Amanda Burton, 75th Civil Engineer Group’s Environmental Branch Chief, said detonation is environmentally the best, current way to dispose of these large rocket motors. Since 2012, more than 300 motors have been destroyed at the UTTR. The UTTR is the only permitted location in the United States where these detonations can be done.

“We want to do this work without adversely affecting our neighbors and the environment," Burton said.

Large detonations do create sound waves, and before each operation at the UTTR, the Air Force takes atmospheric readings to check wind speed and direction and other weather factors. This data is entered into a sound prediction model to determine if conditions are acceptable for a detonation. If the model predicts that sound is going to be louder than permitted levels at locations along the Wasatch Front, the detonations are delayed.

No sound prediction model, however, can be 100 percent accurate all the time, she said. On a few occasions over the years, some residents in northern Utah have felt vibrations and shaking minutes after a detonation on the range, which is approximately 80 miles west of Salt Lake City in Utah’s west desert.

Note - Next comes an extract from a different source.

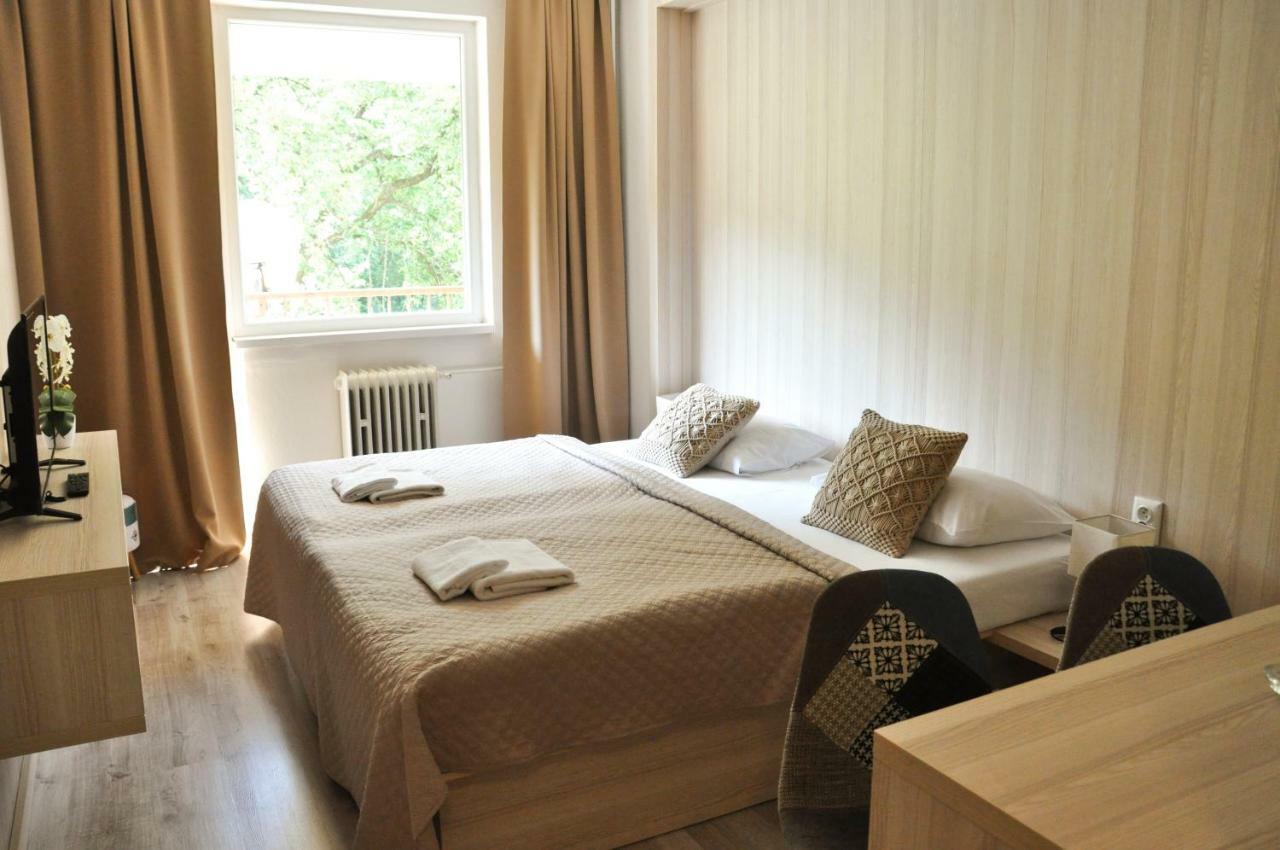 Hotel Garni Považská Bystrica エクステリア 写真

"Atmospheric conditions can change rapidly between the time we take a reading and the actual detonation,” Burton said. “This current model we’re using is a very reliable tool in determining how far sound from a detonation will travel from the UTTR.”

Depending on weather conditions, one or two detonations are planned per week through September at the UTTR. This is subject to change based on weather, workload and other factors.